The eccentric billionaire Melon Tusk offers space travel for wealthy customers. Unfortunately, the service on the space flights is not always perfect and many customers claim a refund. Your task is to use the data set provided by Melon Tusk to  train a machine learning model predicting if a customer claimed a refund after after the trip. 

Melon provides you with a brief description of the data set:

- PassengerId - A unique Id for each passenger. Each Id takes the form gggg_pp where gggg indicates a group the passenger is travelling with and pp is their number within the group. People in a group are often family members, but not always.
- HomePlanet - The planet the passenger departed from, typically their planet of permanent residence.
- CryoSleep - Indicates whether the passenger elected to be put into suspended animation for the duration of the voyage. Passengers in cryosleep are confined to their cabins.
- Cabin - The cabin number where the passenger is staying. Takes the form deck/num/side, where side can be either P for Port or S for Starboard.
- Destination - The planet the passenger will be debarking to.
- Age - The age of the passenger.
- VIP - Whether the passenger has paid for special VIP service during the voyage.
- RoomService, FoodCourt, ShoppingMall, Spa, VRDeck - Amount the passenger has billed at each of the Spaceship Titanic's many luxury amenities.
- Name - The first and last names of the passenger.
- Refunded - Whether the passenger claimed a refund. This is the target, the column you are trying to predict.

First, you have to load the data-set from [github](https://raw.githubusercontent.com/NikoStein/TDS_data/main/melon_tusk.csv).
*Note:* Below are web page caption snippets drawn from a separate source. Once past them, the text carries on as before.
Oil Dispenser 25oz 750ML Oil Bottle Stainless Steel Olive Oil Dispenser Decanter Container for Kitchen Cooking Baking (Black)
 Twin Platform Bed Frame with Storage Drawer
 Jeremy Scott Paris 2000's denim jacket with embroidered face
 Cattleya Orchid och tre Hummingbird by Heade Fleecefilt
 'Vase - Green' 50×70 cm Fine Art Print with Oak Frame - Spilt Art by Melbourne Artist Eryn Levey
Inspect the data-set and get a first impression of the different variables.

In [2]:
spacetravel <- read.csv('https://raw.githubusercontent.com/NikoStein/TDS_data/main/melon_tusk.csv')
head(spacetravel)

Next, remove identifying variables and split the data into a training and a test set and prepare the training data for cross validation.

In [18]:
spacetravel$Age <- as.numeric(as.character(spacetravel$Age))
spacetravel$RoomService <- as.numeric(as.character(spacetravel$RoomService))
spacetravel$FoodCourt <- as.numeric(as.character(spacetravel$FoodCourt))
spacetravel$ShoppingMall <- as.numeric(as.character(spacetravel$ShoppingMall))
spacetravel$Spa <- as.numeric(as.character(spacetravel$Spa))
spacetravel$VRDeck <- as.numeric(as.character(spacetravel$VRDeck))
spacetravel$Refunded <- as.factor(spacetravel$Refunded)
spacetravel %>%
    select(-PassengerId, -Name, -Cabin) %>%
    mutate_at(vars(RoomService, FoodCourt, ShoppingMall, Spa, VRDeck),
             function(.var) {
                 if_else(condition = (.var == 0),
                        true = as.numeric(NA),
                        false = .var
                        )
             }) -> spacetravel_clean
head(spacetravel_clean)

In [19]:
spacetravel_clean %>% 
  count(Refunded) %>% 
  mutate(prop = n/sum(n))

In [20]:
spacetravel_split <- initial_split(spacetravel_clean, strata = Refunded) # split the data into trainng (75%) and testing (25%)
spacetravel_split
spacetravel_train <- training(spacetravel_split)
spacetravel_test <- testing(spacetravel_split)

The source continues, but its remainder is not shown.